>>100 (checked)
I thought stuff like PostScript and Metafont was really cool, portable and specific processing like that is a good application of VMs, and it's funny to think there was a period where an office printer was more powerful than the machines around it.
eBPF… that sounds insane, but kind of neat. It might actually be a step towards breaking away from the limitations that Linux imposed by being destined to be a UNIX clone.
My remarks about Lisp runtimes were more about program stability (C is a plague). Trust is a social problem over a technical one, and we already let all kinds of arbitrary code run on our machines all the time, so why not go the whole nine yards?
It seems more to me that the industry is approaching the same ideas that were tried years ago in projects like Plan 9, except with none of the simplicity or consistency of those models. Apparently they could get away with disk access being as fast as a file server in 1993.
You could also have a flexible language from the beginning.
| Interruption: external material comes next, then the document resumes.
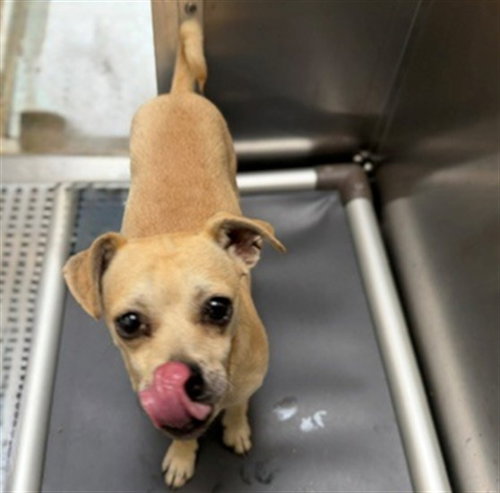 BUMBLE, an adoptable Pug in Denver, CO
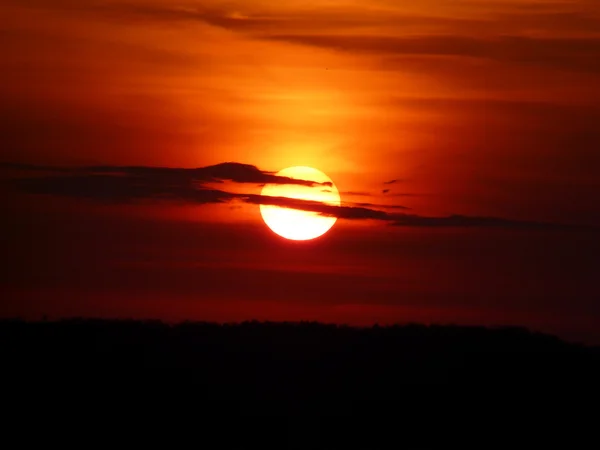 stock image Sunset over wood in the summer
Embedding an interpreter in a static language adds infinite flexibility, but how about new functionality, and even new syntax without having to change the compiler? That's how the original OOP module for Lisp was written, it was ordinary Lisp code that generated new code to expand at compile time. The simplicity and powerfulness of ordinary Lisp macros is amazing when you get down to it, and I'm wondering if any other languages have done a similar thing.
It seems Clojure is getting its traction in the industry. I've never tried it, and it seems to have its flaws and rounded edges, but if you do work in that kind of field it might be worth looking at.